Mithin sind eine aktive Beteiligung und ein Einsatz der europäischen Bürger:innen von Nöten, um ein für das Europäische Volk zufriedenstellendes Wahlergebnis zu erzielen, welches durch eine möglichst breite Masse getragen wird. Eine Spiegelung des politischen Willens der Bürger und eine damit einhergehende Zufriedenheit mit den Handlungen der EU setzt eine hohe Wahlbeteiligung voraus.

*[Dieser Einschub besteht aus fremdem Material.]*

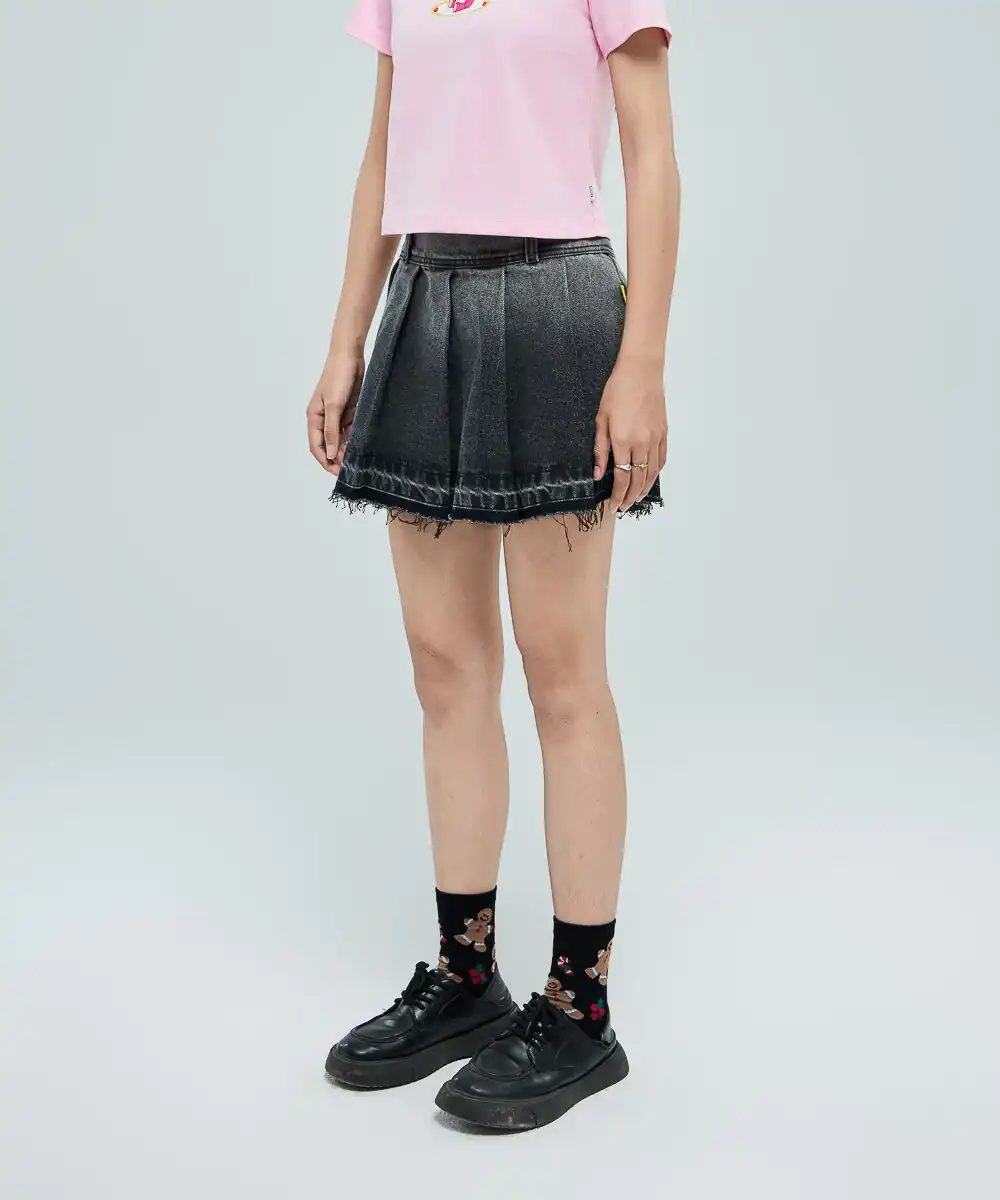 Chân váy mini JEANS INFINITEE 08 xếp ly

Dies gilt sowohl hinsichtlich der europäischen Wahlen, als auch hinsichtlich der nationalen, da auch letztere, wie oben dargestellt, mittelbaren Einfluss auf die Handlungen der EU haben.

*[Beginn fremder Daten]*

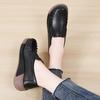 Retro Women Platform Shoes Leather Wedges Slip-on Loafers Anti-slip Walking Casual Footwear for Working Traveling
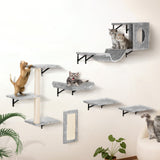 Coat Racks: VEVOR Wall Mounted Cat Shelves, Cat Wall Shelves and Perches with Jumping Boards, Hammock, Sofa, Cat Tree & Cat Grip, Cat Furniture and Shelves up to 40 lbs for Sleeping, Playing, Climbing, Set of 6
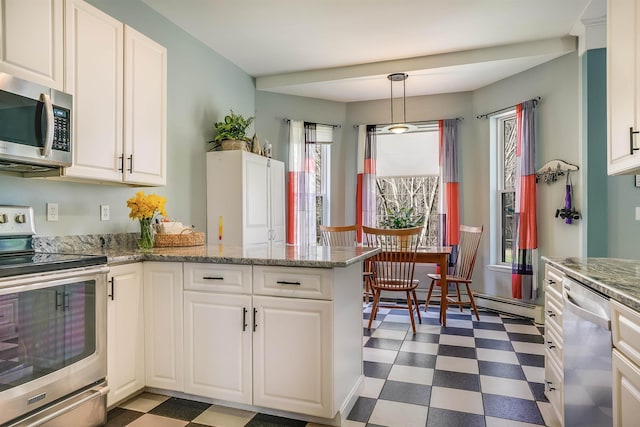 kitchen with white cabinets, a baseboard radiator, a peninsula, dark floors, and stainless steel appliances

Kritisiert wird in diesem Zusammenhang oftmals, dass das demokratische Prinzip der Wahlrechtsgleichheit bei den Europawahlen verletzt würde.

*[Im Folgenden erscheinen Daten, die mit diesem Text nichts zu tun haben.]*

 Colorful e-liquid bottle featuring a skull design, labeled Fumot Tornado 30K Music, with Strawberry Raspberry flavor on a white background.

Die Sitze im Europäischen Parlament werden nach dem Prinzip der degressiven Proportionalität vergeben, Artikel 14 EUV. Demnach wird die Gesamtzahl der Sitze zwar auf der Grundlage der Bevölkerungszahl der Mitgliedstaaten verteilt, jedoch sind die bevölkerungsreichen Mitgliedstaaten zugunsten der bevölkerungsärmeren Mitgliedstaaten unterrepräsentiert.[4] Eine perfekte Proportionalität zwischen der Anzahl der Abgeordneten pro Mitliedstaat und der Einwohner:innen der Länder besteht folglich nicht. Derartige Einschränkungen des Wahlgleichheitsprinzips werden jedoch auch in anderen demokratischen Staaten wie Frankreich oder Großbritannien, Deutschland und den USA akzeptiert. Hintergrund ist die Bildung unterschiedlich großer Wahlkreise. Zudem dient die Verteilung der Sitze dem Minderheitenschutz und der Funktionsfähigkeit des Parlaments, welches anderenfalls auf weit über 1.000 Mitglieder anwachsen würde, wenn größere Mitgliedstaaten ebenso wie die kleineren repräsentiert würden und letzteren weiterhin eine parlamentarische Mitbestimmung gewährt werden sollte. Mehrheitsentscheidungen würden hierdurch deutlich erschwert, wenn nicht in vielen Bereichen gar unmöglich gemacht würden. Überdies hat beispielsweise Deutschland, wie oben dargestellt trotz fehlender perfekter Proportionalität einen erheblichen Einfluss auf das Wahlergebnis, welcher durch die Bürger:innen auch genutzt werden sollte

[1] https://elections.europa.eu/de/how-elections-work/, zuletzt abgerufen am 22.05.2024, 18:00 Uhr.

[2] https://germany.representation.ec.europa.eu/news/mythos-die-eu-hat-ein-demokratiedefizit-2019-05-09_de, zuletzt abgerufen am 22.05.2024, 18:00 Uhr.

[3] https://results.elections.europa.eu/de/wahlbeteiligung/, zuletzt abgerufen am 22.05.2024,18:00 Uhr.

[4] https://www.europarl.europa.eu/factsheets/de/sheet/20/organisation-und-arbeitsweise-des-europaischen-parlaments, zuletzt abgerufen am 22.05.2024.

Fazit

Auch wenn das System der EU komplex ist und sich sicherlich auch in den kommenden Jahren und Jahrzehnten weiterentwickeln wird, so geht der Vorwurf einer fehlenden demokratischen Legitimation fehl. Die EU, wie wir sie heute vorfinden, ist global gesehen bereits jetzt ein sehr großer Erfolg in Sachen supranationaler Demokratie. Interessant und gleichermaßen beeindruckend ist: Kein anderer Kontinent der Welt hat bisher vergleichbar fortgeschrittene Formen der grenzüberschreitenden demokratischen Zusammenarbeit gefunden.[1] Das Europäische Parlament ist die einzig direkt gewählte transnationale Versammlung der Welt.[2]

Diese Besonderheit sollten die Bürger:innen bei der Europawahl am 09.06.2024 nutzen und von dem Privileg der supranationalen Mitbestimmung Gebrauch machen, um ihre Zukunft mitzugestalten – denn dies ist in der weitgehend demokratisch legitimierten EU gerade möglich.